Bertrand Vac, Bizarres (Hy)
Bertrand Vac
Bizarres
Montréal. Guérin (littérature), 1988, 159 p.
Récipiendaire à trois occasions du prix du Cercle du Livre de France et auteur d’une dizaine de volumes depuis 1950, Bertrand Vac signe, en 1988 chez Guérin, un recueil de nouvelles des plus intéressants. La première, « Bizarre », donne son titre à l’ensemble des huit récits contenus dans l’ouvrage. L’auteur a choisi cependant la marque du pluriel pour distinguer sans doute l’œuvre générale de la nouvelle particulière, d’une part et, d’autre part, surtout parce que l’insolite prévaut, à des degrés divers, dans tous ses textes.
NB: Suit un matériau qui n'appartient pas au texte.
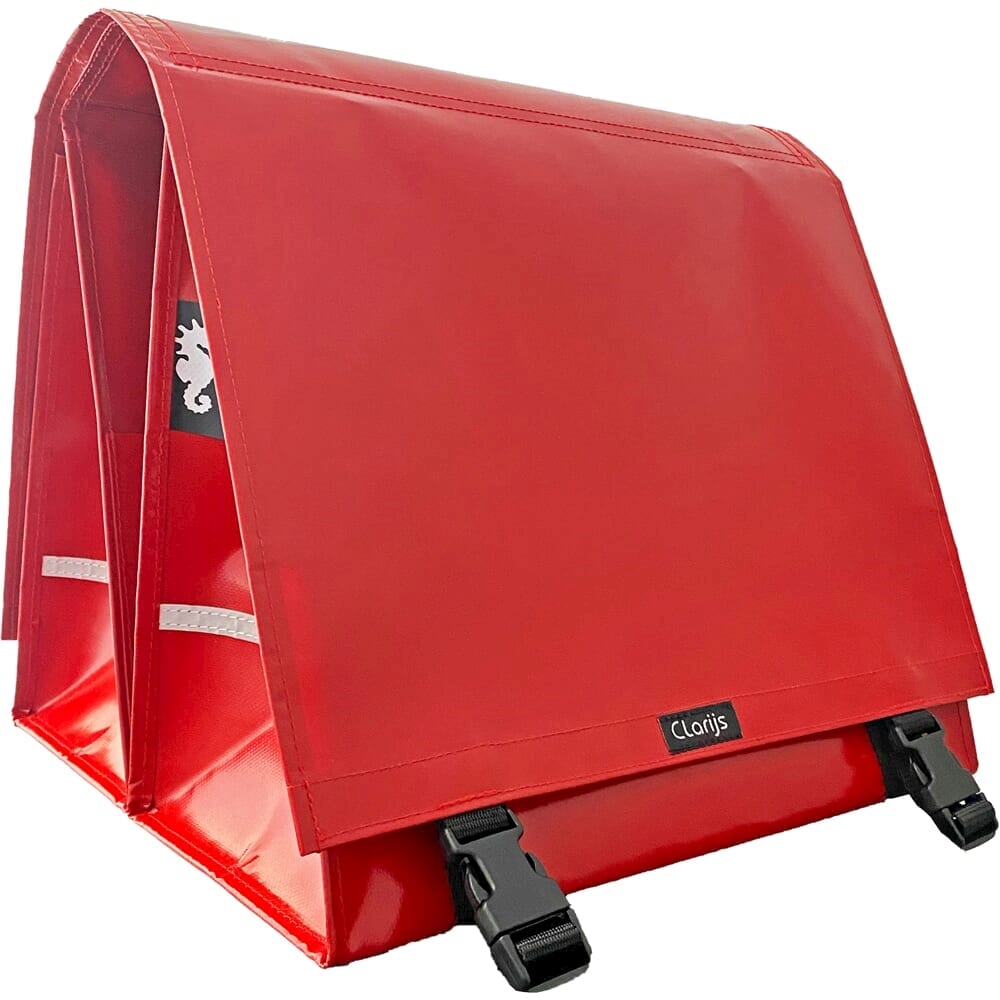 Clarijs fietstas dubbel xl pvc 46l met afgesloten rood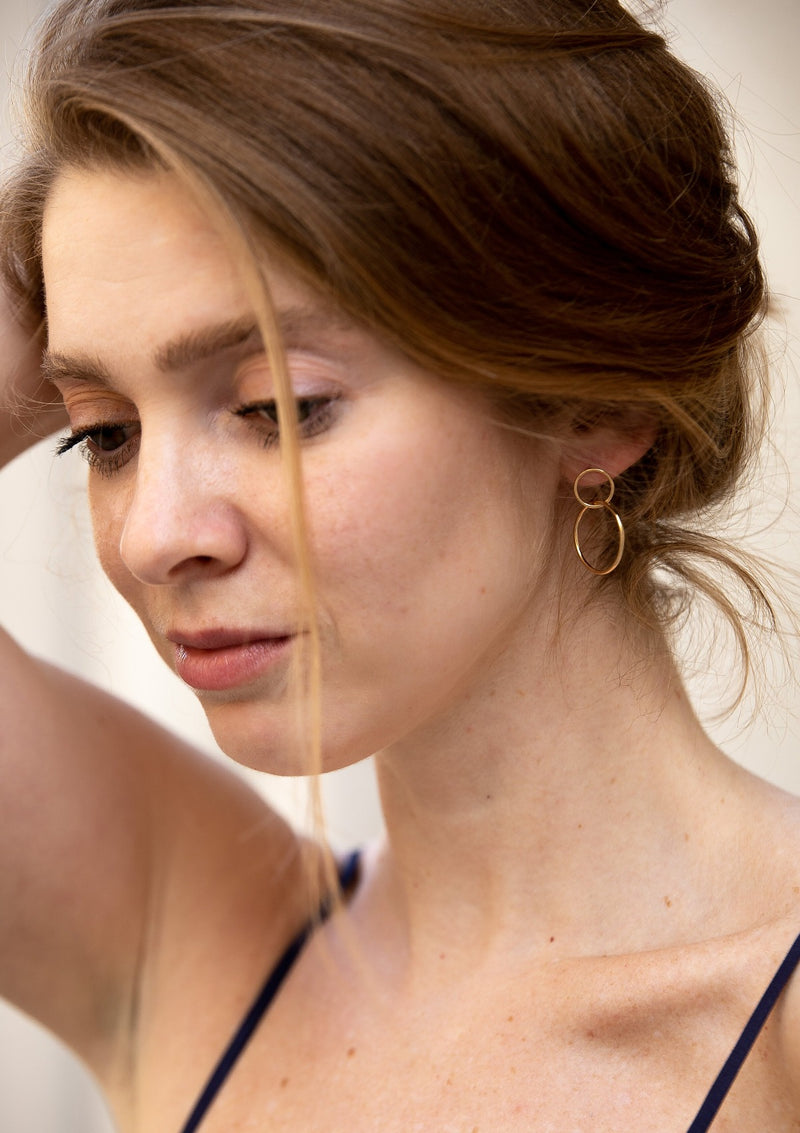 Gold double hoop earrings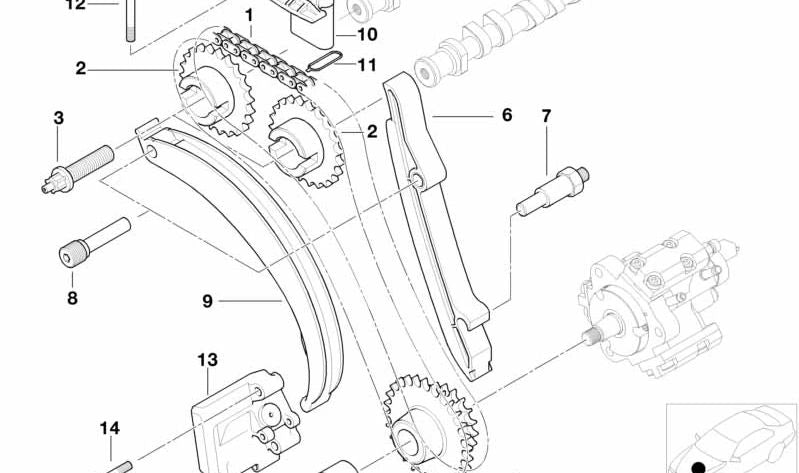 Guía de cadena de distribución OEM 11312247333 para BMW E46, E39, E38, E53. Original BMW.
Toutefois, ces mises en situation où un élément singulier connote significativement le libellé ne mènent pas toutes au fantastique. Deux nouvelles seulement se rattachent à ce champ, la quatrième et la sixième du recueil.
« Nuits 1002, …3,4 et 5 » est manifestement en référence aux Mille et Une Nuits. Schéhérazade est remplacée par un gnome issu des volutes produites par un fumeur d’opium. Ce narrateur fixe, pour le profit de son opiomane, tout un décor oriental dans lequel se déroulent ses quatre récits internes. Comme dans l’œuvre arabe, ces récits ont valeur de parabole et Vac termine sa nouvelle à la façon d’une fable. Le ton se fait moralisateur : « Il faut être conséquent avec soi-même » (p. 89). La vie est un leurre pour le fumeur pusillanime. Des huit nouvelles, « Nuits… » est la plus grave. Le sarcasme du gnome a pris la place de l’humour léger, spirituel, des autres textes du recueil.
« Un soir d’Halloween » se situe dans le ton général de l’œuvre. Le narrateur, un célibataire, effectue parfois des achats incongrus lorsqu’il s’ennuie. Cette fois-là, ce seront six balais auxquels il ne pourra pas résister alors qu’il « habite un… trois pièces où les parquets sont recouverts de tapis » » (p. 104). Sa compulsivité le couvre de ridicule jusqu’à son appartement, d’où il téléphone à des amis pour s’en débarrasser. Il ne réussit à en caser aucun. Le téléphone sonne, une voix féminine le somme de garder les balais, qu’on viendra chercher en soirée. Mais notre narrateur a une sortie – il a des billets pour un ballet ! – et laissera les balais, tous enrubannés, à sa porte.
À son retour, les six ont disparu, leur emballage fantaisiste abandonné dans le couloir. Il se fera réveiller… par une sorcière et ses cinq filles se baladant, chacune sur son balai, devant sa fenêtre du cinquième étage.
Vac, dès le début de cette nouvelle, nous a installés dans un cadre fantastique même si l’action se situe dans un Montréal très contemporain avec son monde cosmopolite et son mode de consommation. Le traitement est différent de la nouvelle précédente mais l’auteur sait donner une crédibilité à ses histoires par une description détaillée et subtilement émaillée d’humour.
Bertrand Vac continue, avec Bizarres, à marquer le ciel littéraire québécois. Son style charme par sa fluidité et cela témoigne d’une maîtrise de l’écriture par l’un de nos grands routiers. Les lecteurs de fantastique auront assurément autant de plaisir à lire « Nuits… » et « Un soir… » que les six autres nouvelles, et peut-être en profiteront-ils pour relire les œuvres précédentes de cet auteur que dix ans de silence avaient un peu éclipsé de notre horizon.